I went to a wedding a few days after the venue incident. It was held at an event center, one of those places where they give you food on top of food with a side of food. My calorie count from that weekend was insane. Anyway, it was the first wedding I’ve attended since I have been engaged and I felt like I looked at everything with a really different view. Though there is NOTHING WRONG with that style of wedding, it just wasn’t the vibe that M and I have been working toward.
It occurred to me that I think this event center wedding was more of what Mama M wanted for us. I was really sad when I considered that she may not like our wedding at all. Her comments about the venue, about the atmosphere, about the very things we loved about our space hurt my feelings a lot. I know we are not getting married for her, and pleasing her is not my responsibility, especially since she is not holding our purse strings. But I am still left with this feeling that our wedding, which I’ve spent countless hours putting blood, sweat and tears into so that it would be a beautiful reflection of our tastes and most importantly our relationship, is nothing more than a party that she will attend out of duty and when asked about will respond politely, but will not actually enjoy.
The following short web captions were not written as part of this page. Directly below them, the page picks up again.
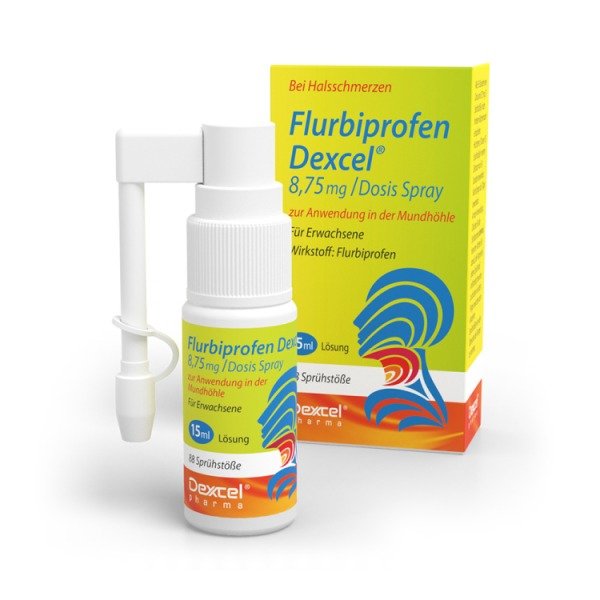 Abbildung Flurbiprofen Dexcel 8,75 mg/Dosis Spray zur Anwendung in der Mundhöhle
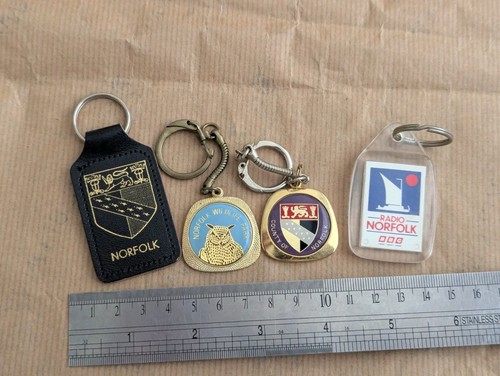 Vintage norfolk keyrings lot - vintage,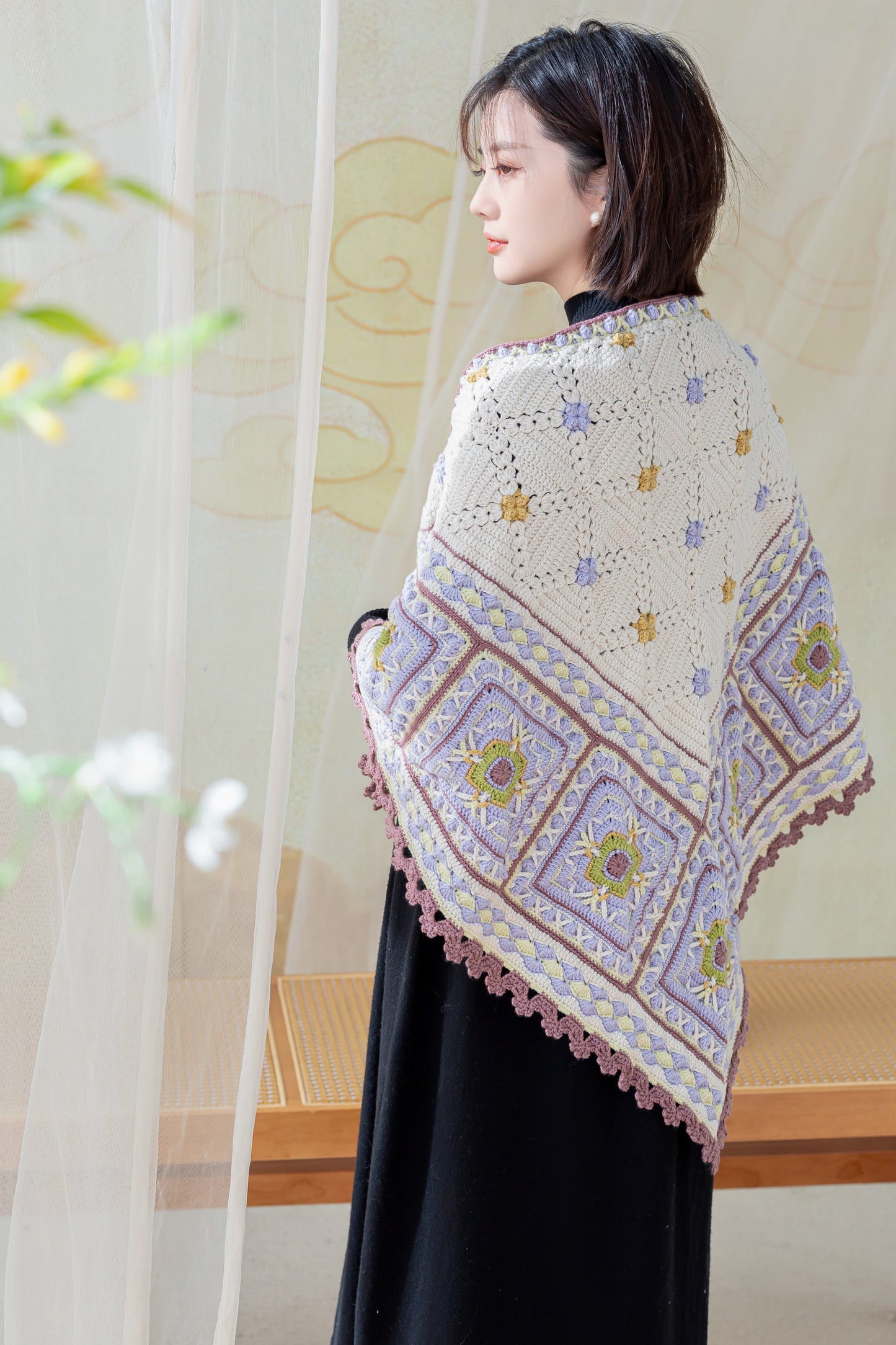 Mock Shawl Crochet Pattern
I’m not going to say I’m crushed, but I think I’m disappointed because I have been working so hard to foster a good relationship with Mama M. My family is not close by and I genuinely hoped that she would have a relationship with me where we could do things like go to lunch or bake cakes together and not have a weird air of politeness between us. She certainly doesn’t have to love everything I do, but I can’t see us going very far if she doesn’t want to be close enough to be comfortable with telling me when she thinks a decision I may be making isn’t the right one. And for that matter, I would hope that after defending my choices she would appreciate and respect the decision. I wanted to have a genuine relationship with her, and now I fear that it may just an exercise in polite appearances.
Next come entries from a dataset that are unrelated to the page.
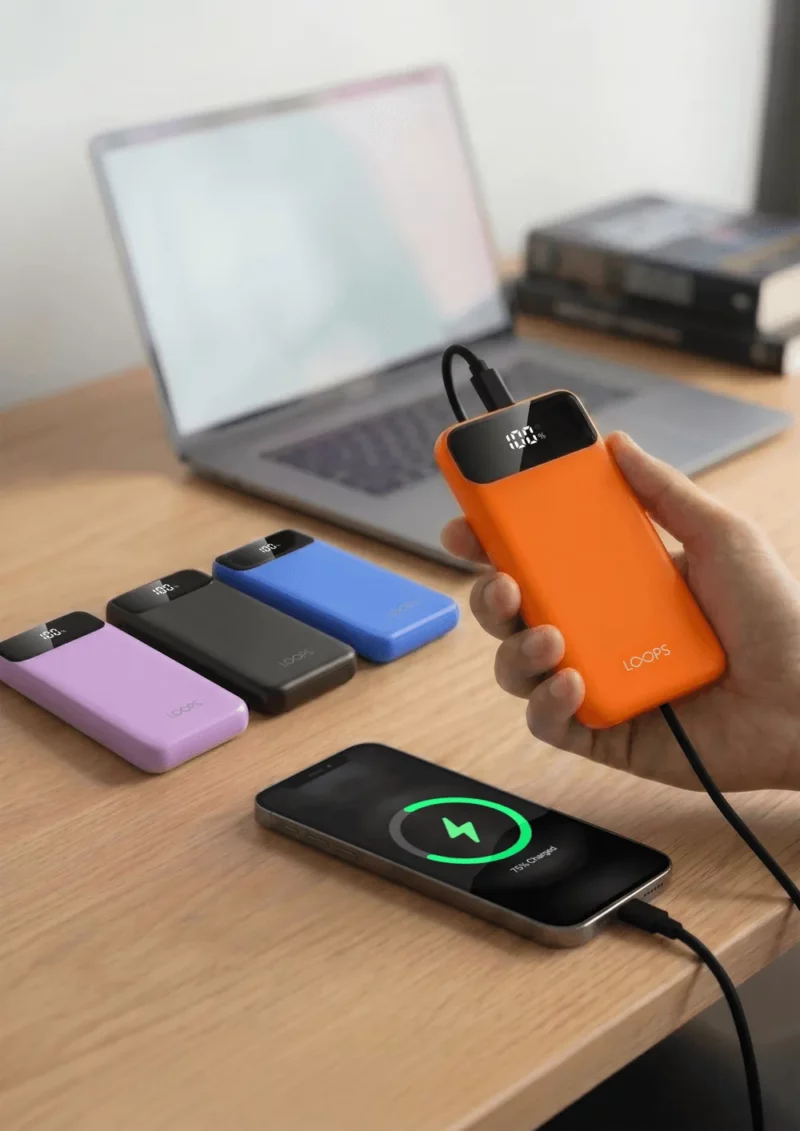 LOOPS Powerbank Lumi 10.000 mAh, Stylish dan Fast Charging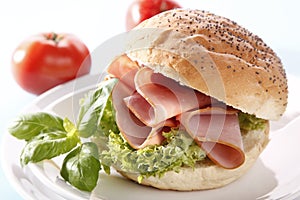 Sandwich with ham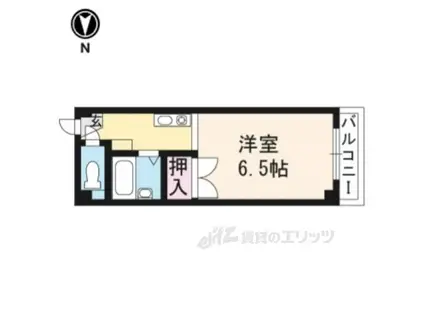 レジデンス・オザック(1K/3階)の間取り写真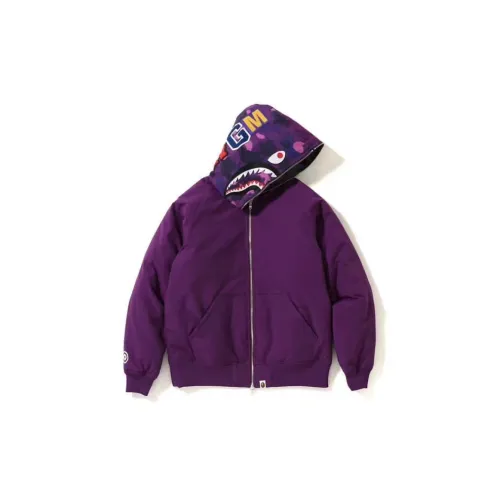 A BATHING APE Down Jackets Unisex Purple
I’m not sure how to proceed, but my experiences with M and his mom have thus far told me that they would prefer the “sweep it under the rug” approach, which is a bit contrary to what I’m used to. My family operates on a “let’s get this out in the open and clear the air” frequency, and I tend to gravitate more toward this resolution. Help me understand: where can I draw a line and let her know that I’m affected by her obvious disapproval on something I’ve dedicated so much to? Or should I at all? For now, I’m still trying to play by the rules instead of making them my own, but I remain leery of telling her about anything else as I fear that she won’t like it. Here’s hoping we can mend this tear in our family quilt.
Thanks for reading. – A
I know you aren’t reading this blog for political insight, but I wanted to share this because it involves the topic of marriage. Though many take marriage for granted, or share jokes like, “Everyone should be able to suffer in marriage: gay, straight, whatever!”, the truth is that many people in our country are treated like second-class citizens because they are unable to legally marry the person they love. I find it ironic because I think that one of the places where you can still find real, pure true love is in the gay community – they stay with their partners for a lifetime even though they are not legally bound to each other unlike many straight partnerships where one or both of the parties suffer in an uncomfortable marriage.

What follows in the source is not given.